In this chapter, we’ll take a look at how Katib simplifies hyperparameter optimization.

Katib Concepts

Let’s begin by defining a few terms that are central to the workflow of Katib (as illustrated in Figure 10-1):

Experiment

An experiment is an end-to-end process that takes a problem (e.g., tuning a training model for handwriting recognition), an objective metric (maximize the prediction accuracy), and a search space (range for hyperparameters), and produces a final set of optimal hyperparameter values.

Suggestion

A suggestion is one possible solution to the problem we are trying to solve. Since we are trying to find the combination of hyperparameter values that lead to optimal model performance, a suggestion would be one set of hyperparameter values from the specified search space.

Trial

A trial is one iteration of the experiment. Each trial takes a suggestion and executes a worker process (packaged through Docker) that produces evaluation metrics. Katib’s controller then computes the next suggestion based on previous metrics and spawns new trials.

kfml 1001
Figure 10-1. Katib system workflow (https://arxiv.org/pdf/2006.02085.pdf)
Note

In Katib, experiments, suggestions, and trials are all custom resources. This means they are stored in Kubernetes etcd and can be manipulated using standard Kubernetes APIs.

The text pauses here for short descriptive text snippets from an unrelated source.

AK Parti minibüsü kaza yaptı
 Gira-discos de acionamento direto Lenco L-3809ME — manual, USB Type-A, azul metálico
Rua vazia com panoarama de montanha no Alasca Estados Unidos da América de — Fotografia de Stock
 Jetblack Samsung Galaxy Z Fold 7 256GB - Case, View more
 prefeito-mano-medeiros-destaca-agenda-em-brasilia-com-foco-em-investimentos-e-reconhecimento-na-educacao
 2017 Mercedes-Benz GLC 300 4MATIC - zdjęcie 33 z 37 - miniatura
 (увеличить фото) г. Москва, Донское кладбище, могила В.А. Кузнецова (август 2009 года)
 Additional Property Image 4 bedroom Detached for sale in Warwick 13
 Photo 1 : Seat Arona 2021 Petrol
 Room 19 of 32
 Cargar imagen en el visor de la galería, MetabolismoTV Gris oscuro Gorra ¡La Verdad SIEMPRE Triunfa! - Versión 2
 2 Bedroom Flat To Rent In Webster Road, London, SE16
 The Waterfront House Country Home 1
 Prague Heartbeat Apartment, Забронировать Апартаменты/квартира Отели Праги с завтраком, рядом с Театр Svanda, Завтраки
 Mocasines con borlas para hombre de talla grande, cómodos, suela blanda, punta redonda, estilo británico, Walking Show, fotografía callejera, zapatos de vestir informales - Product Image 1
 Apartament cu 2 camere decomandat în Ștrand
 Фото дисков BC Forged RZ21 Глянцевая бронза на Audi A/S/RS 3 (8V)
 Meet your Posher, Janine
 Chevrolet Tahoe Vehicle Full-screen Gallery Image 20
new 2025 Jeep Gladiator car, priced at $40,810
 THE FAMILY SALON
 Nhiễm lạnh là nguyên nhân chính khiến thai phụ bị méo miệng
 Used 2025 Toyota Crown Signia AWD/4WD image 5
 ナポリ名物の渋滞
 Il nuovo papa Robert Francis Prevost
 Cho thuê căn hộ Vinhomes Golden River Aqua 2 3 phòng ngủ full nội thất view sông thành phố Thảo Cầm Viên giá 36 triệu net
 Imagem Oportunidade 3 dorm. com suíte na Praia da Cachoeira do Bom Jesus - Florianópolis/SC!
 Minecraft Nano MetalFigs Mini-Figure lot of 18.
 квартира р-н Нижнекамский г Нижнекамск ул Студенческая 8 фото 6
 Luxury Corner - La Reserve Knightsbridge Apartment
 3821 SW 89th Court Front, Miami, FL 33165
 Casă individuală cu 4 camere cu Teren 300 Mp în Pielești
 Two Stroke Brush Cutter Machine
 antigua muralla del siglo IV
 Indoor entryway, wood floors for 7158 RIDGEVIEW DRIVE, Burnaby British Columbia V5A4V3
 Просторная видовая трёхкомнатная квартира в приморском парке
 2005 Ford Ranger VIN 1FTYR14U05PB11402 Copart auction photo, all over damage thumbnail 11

Another important aspect of hyperparameter tuning is how to find the next set of parameters. As of the time of this writing, Katib supports the following search algorithms:

Grid search

Also known as a parameter sweep, Grid Search is the simplest approach—exhaustively search through possible parameter values in the specified search space. Although resource-intensive, Grid Search has the advantage of having high parallelism since the tasks are completely independent.

Random search

Similar to grid search, the tasks in random search are completely independent. Instead of enumerating every possible value, random search attempts to generate parameter values through random selection. When there are many hyperparameters to tune (but only a few have significant impact on model performance), random search can vastly outperform Grid Search. Random search can be useful when the number of discrete parameters is high, which makes grid search infeasible.

Bayesian optimization

This is a powerful approach that uses probability and statistics to seek better parameters. Bayesian optimization builds a probabilistic model for the objective function, finds parameter values that perform well on the model, then iteratively updates the model based on metrics collected during trial runs. Intuitively speaking, Bayesian optimization seeks to improve upon a model by making informed guesses. This optimization method relies on previous iterations to find new parameters, and can be parallelized. While trials are not as independent as grid or random search, Bayesian optimization can find results with less trials overall.

Hyperband

This is a relative new approach that selects configuration values randomly. But unlike traditional random search, Hyperband only evaluates each trial for a small number of iterations. Then it takes the best performing configurations and runs them longer, repeating this process until a desired result is reached. Due to its similarity to random search, tasks can be highly parallelized.

Other experimental algorithms

Such as Tree of Parzen Estimators (TPE) and Covariance Matrix Adaptation Evolution Strategy (CMA-ES), both implemented by using the Goptuna optimization framework.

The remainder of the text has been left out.